## Task
The stretch wanted below opens at the line containing "Page 1 de la" and closes at the line containing "Sharpie King-Size Permanent". Please return it exactly, with no other lines.

## Records for this exercise
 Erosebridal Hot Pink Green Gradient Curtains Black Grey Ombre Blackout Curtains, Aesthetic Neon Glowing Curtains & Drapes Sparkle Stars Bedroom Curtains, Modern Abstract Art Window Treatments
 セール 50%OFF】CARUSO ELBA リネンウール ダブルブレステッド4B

--

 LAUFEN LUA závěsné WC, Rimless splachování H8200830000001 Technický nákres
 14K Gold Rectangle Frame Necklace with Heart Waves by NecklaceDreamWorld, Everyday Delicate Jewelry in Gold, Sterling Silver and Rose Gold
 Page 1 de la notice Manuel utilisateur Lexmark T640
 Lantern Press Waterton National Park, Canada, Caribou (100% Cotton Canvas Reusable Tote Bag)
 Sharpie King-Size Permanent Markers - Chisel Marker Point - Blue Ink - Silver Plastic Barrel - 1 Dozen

## Written solution
 Page 1 de la notice Manuel utilisateur Lexmark T640
 Lantern Press Waterton National Park, Canada, Caribou (100% Cotton Canvas Reusable Tote Bag)
 Sharpie King-Size Permanent Markers - Chisel Marker Point - Blue Ink - Silver Plastic Barrel - 1 Dozen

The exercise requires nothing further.